El plan mantiene alivios fiscales para los negocios más pequeños con aportes de 3,000 y 6,000 pesos, mientras que los grandes generadores de desechos deberán ajustarse a un esquema que promete ser más justo y equilibrado.
Tasa según volumen
Las empresas con generación media de residuos verán tasas del 0.40 %, escalando hasta un 1 % y 1.5 % para aquellas con mayor producción de desperdicios, un cambio radical frente al modelo vigente de la Ley 98-25, que castiga a los negocios con pagos que alcanzan hasta los 675,000 pesos.
La realidad actual
Actualmente, el pago por basura se calcula por las ganancias totales de la empresa y no por la cantidad real de residuos que genera, un esquema implementado en 2025 que ha provocado un rechazo masivo en el sector comercial dominicano por considerarlo un golpe a la competitividad.
El senador busca aplicar un principio de proporcionalidad, argumentando que la ley actual no diferencia entre un pequeño local y una industria de alta generación de residuos.

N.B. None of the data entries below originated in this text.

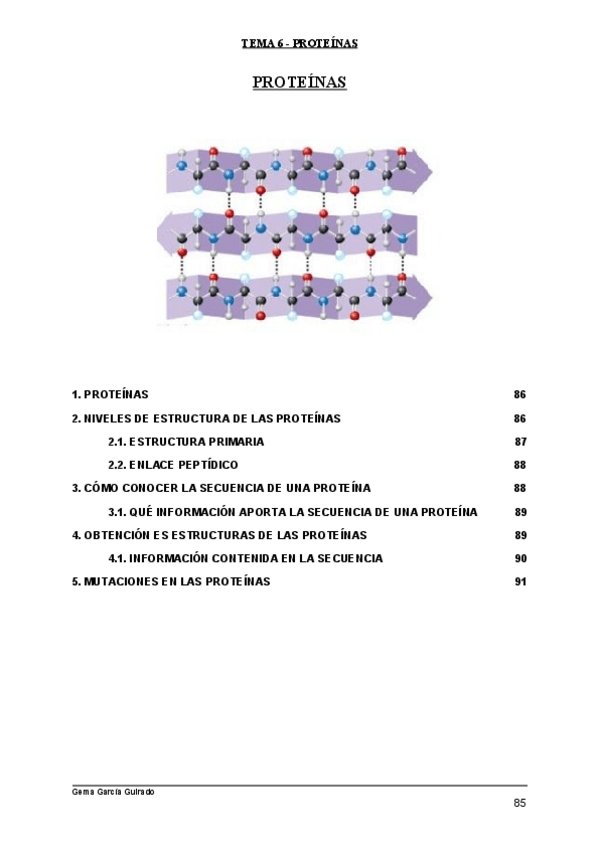 Miniatura del documento TEMA-6-PROTEINAS-BIOQUIMICA.pdf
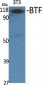 BTF Polyclonal Antibody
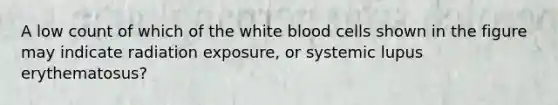 A low count of which of the white blood cells shown in the figure may indicate radiation exposure, or systemic lupus erythematosus?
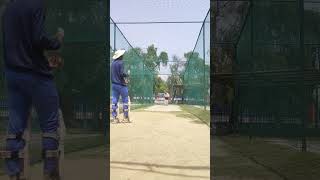 flick with soft hands #cricketsamurai #cricket #flick#cricket #viral #shorts screenshot 2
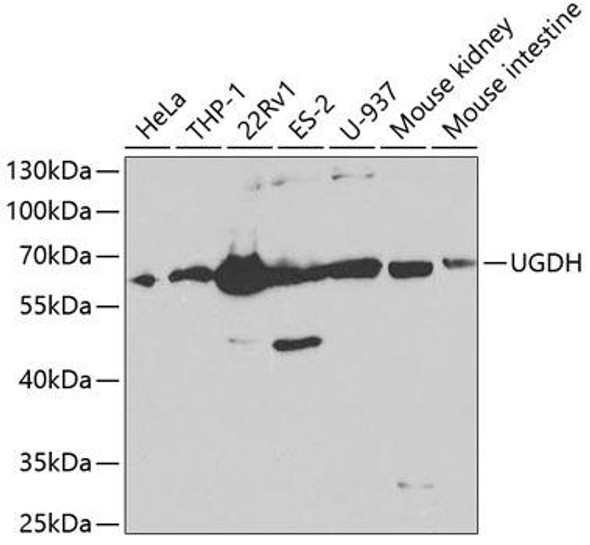 Anti-UGDH Antibody (CAB1210)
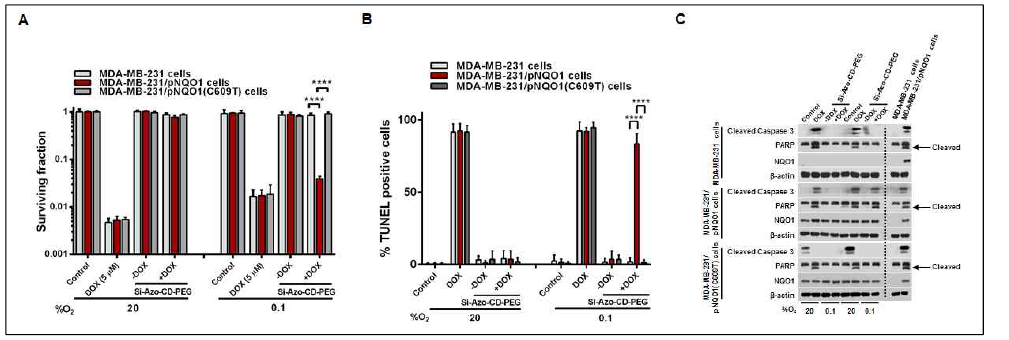 Pharmaceutical effect of Si-Azo-CD-PEG in MDA-MB-231, MDA-MB-231/pNQO1 and MDA-MB-231/pNQO1(C609T) cells under hypoxia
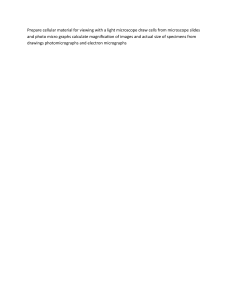 Microscopy Techniques: Preparing Slides, Drawing Cells, Calculating Magnification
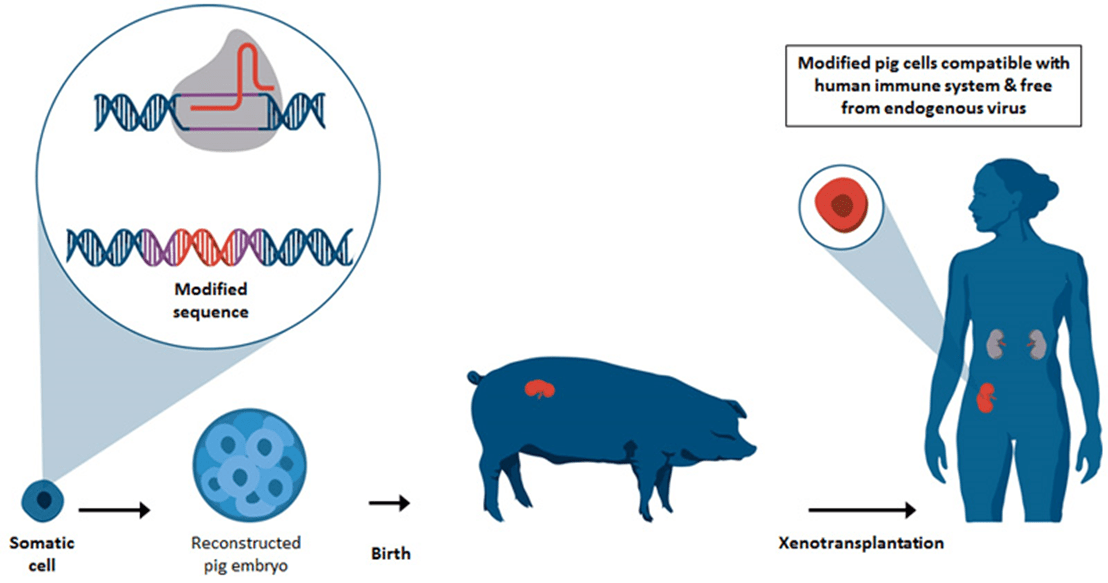eGenesis modified pig cells with human cells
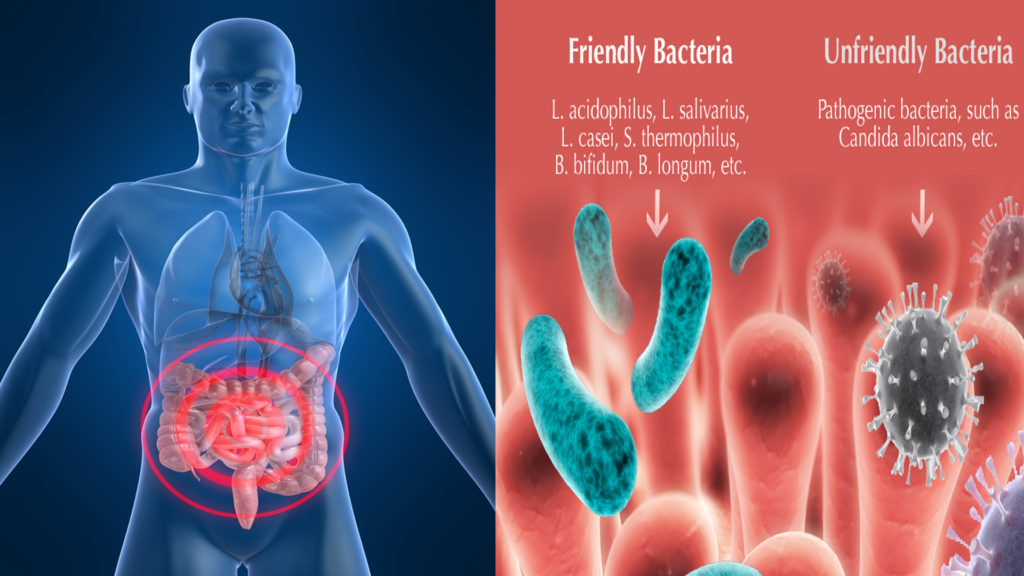 The Good Bacteria 5 Ways To Improve The Gut Flora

Exención a oenegés y adiós a los 20 pesos
La propuesta trae buenas noticias para las organizaciones sin fines de lucro: quedarían exentas de este pago, alineándose con la Ley 122-05. Además, el proyecto plantea eliminar el controversial aporte de 20 pesos por habitante que reciben las alcaldías.
Según Espiritusanto, este cobro adicional no es equitativo y genera preocupaciones sobre una posible discrecionalidad en el uso de los fondos, señalando que la medida podría evitar que los recursos se desvíen.
Ante el clamor de los comerciantes que califican el cobro actual como un abuso, el ministro de Industria y Comercio, Eduardo Sanz Lovatón, se comprometió a impulsar una reforma legislativa antes de que termine la actual legislatura en julio. Gremios como la Federación Dominicana de Comerciantes y detallistas de combustible han alzado su voz para exigir ajustes urgentes que frenen la carga impositiva sobre el sector productivo dominicano.